Even Worse Than We Thought

Julian Barnes

New York Review of Books

2015-11-10

“Even those who come at the book from a historical and geographical distance will be obliged to pace themselves. It is not just a question of taking in individual spasms of bestial cruelty. It is also a broader question: the rate at which we can stomach the truths of man’s inhumanity to man, and ruminate on their causes.”

“When the Germans returned to Jedwabne in July 1941, they would have had fresh in their minds the directive issued days earlier, on June 29, by Reinhard Heydrich, then chief of the Reich Main Security Office: No obstacles should be placed in the way of aspirations toward self-cleansing in anti-Communist or anti-Jewish circles in the newly occupied territories. Rather, such aspirations should be provoked without leaving traces, and if need be they should be intensified and led onto the right track…. The aim is to produce popular local pogroms.”

“One of the broad conclusions of prosecutor Ignatiew’s investigation, which ran parallel with Bikont’s own, came as a shock to her: namely, “how universal the tendency to lie is in this case.” The number of Poles who swore they saw Germans organize and carry out the massacre, with specific memories of personnel, uniforms, and military equipment, amounts to a kind of mass hallucination; or it would, except that the inventiveness of memory makes the various accounts mutually contradictory.”

“It is this relish for killing and the flaunting of spoils that asks us the hardest question. We can identify proximate causes of what happened: the extreme anti-Semitism of public life, the moral trahison of the professional classes, the particular circumstances by which Jedwabne and nearby towns changed hands in wartime, the age-long resentment of those who are different, and so on. These are the small “whys,” which lead us to an overwhelming “why”—one at which language as well as thought often fails.”

“God taking leave of absence for a day? Satan slipping into town? Demons awakening? For those with a nonreligious, and more mechanistic view of the world, explanation might be slightly easier, though no less bleak. It will tend to be located in a lack—a loss—of the imagination, a kind of mass autism, and a habituation to the banality of evil.”

“As the last surviving leader of the Warsaw Ghetto Uprising put it, “There’s something in man that makes him like killing.””

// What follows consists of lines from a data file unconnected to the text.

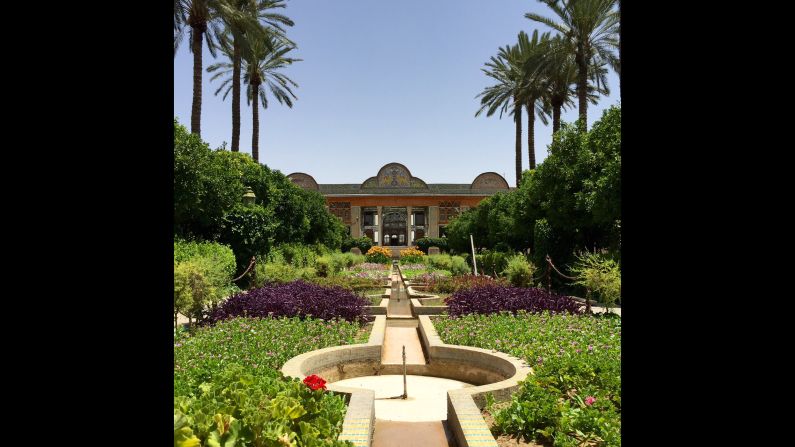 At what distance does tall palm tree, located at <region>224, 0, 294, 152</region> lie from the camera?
18953 millimetres

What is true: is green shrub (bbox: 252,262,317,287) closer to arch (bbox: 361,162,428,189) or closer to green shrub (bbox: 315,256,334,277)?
green shrub (bbox: 315,256,334,277)

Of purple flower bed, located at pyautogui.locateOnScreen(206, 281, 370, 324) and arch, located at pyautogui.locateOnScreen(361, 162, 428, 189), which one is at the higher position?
arch, located at pyautogui.locateOnScreen(361, 162, 428, 189)

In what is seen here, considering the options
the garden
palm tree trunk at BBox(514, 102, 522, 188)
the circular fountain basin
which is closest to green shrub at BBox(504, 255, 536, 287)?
the garden

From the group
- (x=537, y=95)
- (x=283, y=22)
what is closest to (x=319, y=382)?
(x=283, y=22)

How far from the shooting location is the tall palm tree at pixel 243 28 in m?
19.0

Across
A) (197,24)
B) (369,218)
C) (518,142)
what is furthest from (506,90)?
(369,218)

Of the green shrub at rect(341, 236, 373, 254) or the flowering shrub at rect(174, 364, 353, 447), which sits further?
the green shrub at rect(341, 236, 373, 254)

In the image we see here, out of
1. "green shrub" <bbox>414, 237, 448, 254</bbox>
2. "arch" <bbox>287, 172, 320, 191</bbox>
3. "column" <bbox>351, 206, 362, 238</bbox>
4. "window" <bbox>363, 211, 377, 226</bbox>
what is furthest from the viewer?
"window" <bbox>363, 211, 377, 226</bbox>

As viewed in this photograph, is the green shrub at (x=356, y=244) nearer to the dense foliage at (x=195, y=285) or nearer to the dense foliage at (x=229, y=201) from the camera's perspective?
the dense foliage at (x=229, y=201)

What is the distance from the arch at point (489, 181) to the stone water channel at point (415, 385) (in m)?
37.8

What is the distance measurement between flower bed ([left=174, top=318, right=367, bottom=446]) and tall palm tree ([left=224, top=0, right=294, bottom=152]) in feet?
47.0

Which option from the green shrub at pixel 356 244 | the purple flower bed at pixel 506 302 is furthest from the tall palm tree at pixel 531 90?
the green shrub at pixel 356 244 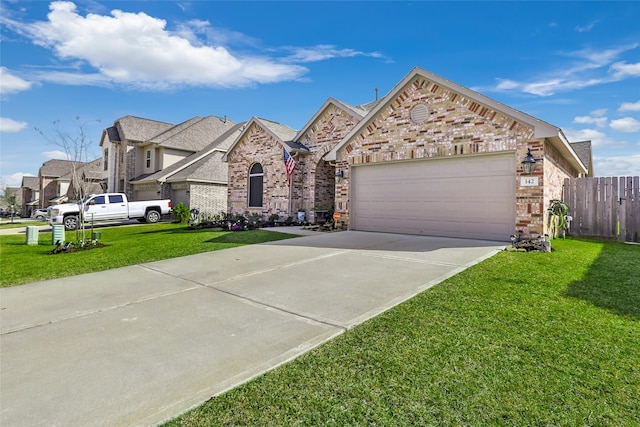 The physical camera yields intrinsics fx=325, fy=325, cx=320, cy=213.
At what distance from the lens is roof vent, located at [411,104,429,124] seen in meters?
10.1

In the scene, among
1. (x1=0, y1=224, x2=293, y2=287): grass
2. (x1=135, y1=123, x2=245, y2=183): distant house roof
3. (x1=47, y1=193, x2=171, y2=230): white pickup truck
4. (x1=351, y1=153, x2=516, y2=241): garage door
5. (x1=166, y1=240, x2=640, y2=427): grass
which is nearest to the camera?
(x1=166, y1=240, x2=640, y2=427): grass

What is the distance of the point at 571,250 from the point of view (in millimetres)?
7754

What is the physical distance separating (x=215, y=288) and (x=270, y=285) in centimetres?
87

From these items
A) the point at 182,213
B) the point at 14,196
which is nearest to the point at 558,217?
the point at 182,213

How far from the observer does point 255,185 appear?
17688 mm

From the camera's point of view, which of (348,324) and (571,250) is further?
(571,250)

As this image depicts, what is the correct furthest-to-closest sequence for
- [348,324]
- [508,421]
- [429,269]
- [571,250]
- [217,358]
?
[571,250] → [429,269] → [348,324] → [217,358] → [508,421]

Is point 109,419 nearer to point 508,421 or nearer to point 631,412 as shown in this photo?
point 508,421

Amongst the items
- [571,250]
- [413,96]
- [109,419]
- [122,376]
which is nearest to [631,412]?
[109,419]

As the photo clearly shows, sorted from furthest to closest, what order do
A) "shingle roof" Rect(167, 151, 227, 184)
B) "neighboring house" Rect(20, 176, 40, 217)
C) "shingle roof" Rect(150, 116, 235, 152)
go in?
"neighboring house" Rect(20, 176, 40, 217), "shingle roof" Rect(150, 116, 235, 152), "shingle roof" Rect(167, 151, 227, 184)

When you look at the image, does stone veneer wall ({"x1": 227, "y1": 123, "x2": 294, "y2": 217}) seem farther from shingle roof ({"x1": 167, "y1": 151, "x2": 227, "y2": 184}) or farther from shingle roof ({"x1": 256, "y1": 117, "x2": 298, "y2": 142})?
shingle roof ({"x1": 167, "y1": 151, "x2": 227, "y2": 184})

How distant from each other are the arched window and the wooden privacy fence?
43.2 ft

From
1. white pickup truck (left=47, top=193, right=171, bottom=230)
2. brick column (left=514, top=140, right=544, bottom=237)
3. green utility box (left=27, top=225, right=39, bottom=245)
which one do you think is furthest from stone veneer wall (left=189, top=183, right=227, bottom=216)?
brick column (left=514, top=140, right=544, bottom=237)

“In medieval times, it was a tradition at Jewish prayers to read out long lists of the names of those who had died in pogroms. This led to the creation of “books of memory.” Bikont’s book is more than a book of memory. It is also a book about forgetting, about the pollution of memory, about the conflict between the easy, convenient truth and the awkward, harder truth. It is a work that grows from its journalistic manner and origins into the powerful writing of necessary history.”